Storage is so cheap. Not like it fills a basement. Hoard it all I say! :D

I'm playing XCOM: Terror From the Deep tonight because I attached an old HDD. Enjoy your youth old friend.

I have all my work (I'm a scientific programmer) back to the 60s backed up on mylar punch tape, from the 70s on eight inch floppies (Dec), the 80's on various mini-tap drives and the 90s various media storage including Iomega Zip drives. I would migrate my older code to the newer storage method except my mylar punch tape from the 60s which I would need a teletype to read into a more modern. By the time CDs were proven I had migrated all of my code to a duo-back of CDs, one keep at work and one keep at home (About fourty CDs for the date with a equal back up at a different location. I moved this stuff to DVDs and now have about 16 (each two copies one at a friends house) and all zipped on a five TB on line. I still have all the original media and devices boxes away.
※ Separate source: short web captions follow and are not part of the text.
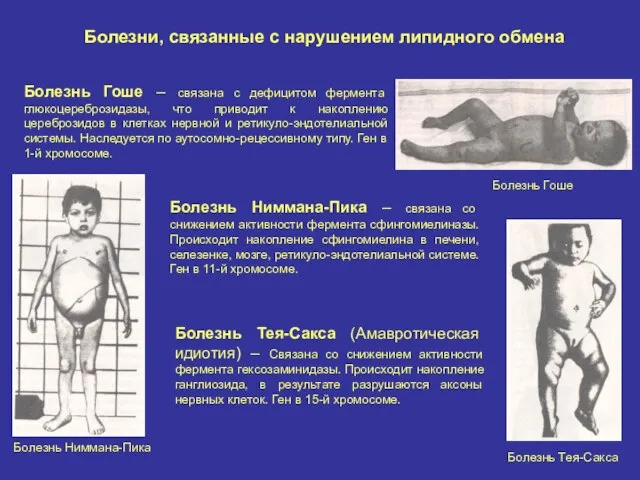 Болезни, связанные с нарушением липидного обмена Болезнь Гоше – связана с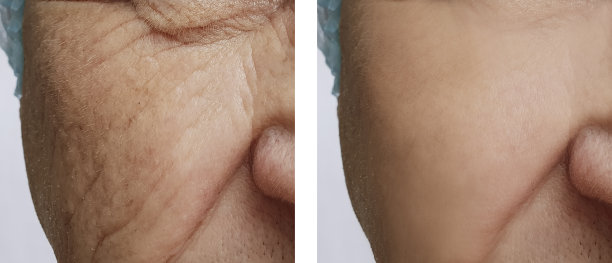 老人脸上皱纹的前后程序图片下载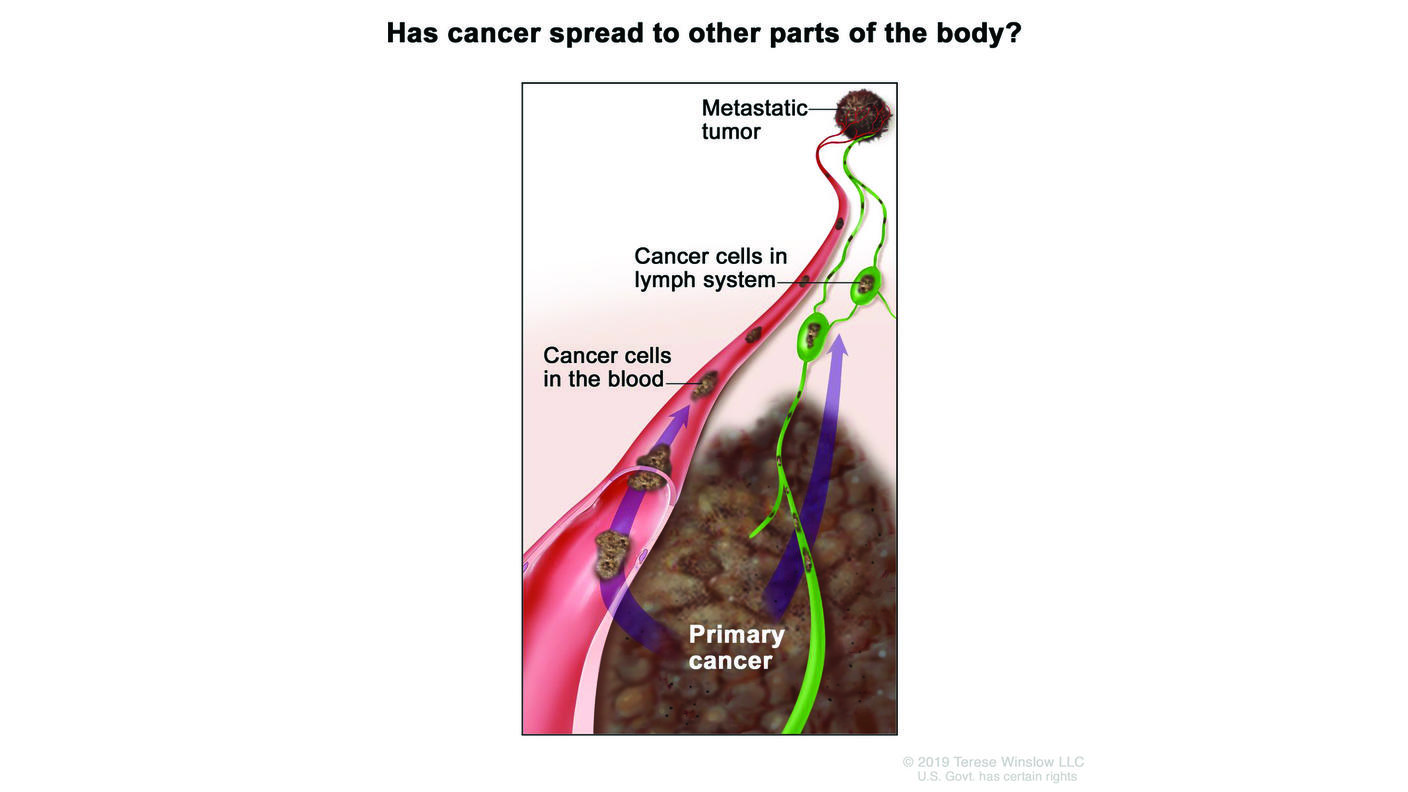 Illustration showing the spread of cancer from a tumor to other parts of the body, with labels showing cancer cells in the lymph system as well as cancer cells in a blood vessel. In the bottom part of the image, there is a large mass labeled "Primary cancer." Arrows indicate the movement of cancer cells from the primary site to the blood and lymphatic systems.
You'd be surprised when you might need a algorithm you coded in 1992 with the help of a russian speaking post docurate because Chebyschev's work was never translated from russian to english. I can lay my hands on the original K&R C code I wrote in two minutes and convert it to C#, Java, Pearl or whatever I'm using at the moment. I hate to have to repeat a development process.

I suspect not everone has a need for earlier development code or old data; as my EE friend says "if you haven't used it in the last two years, you don't need it anymore." While I think she needs to add the modifier probably won't need it.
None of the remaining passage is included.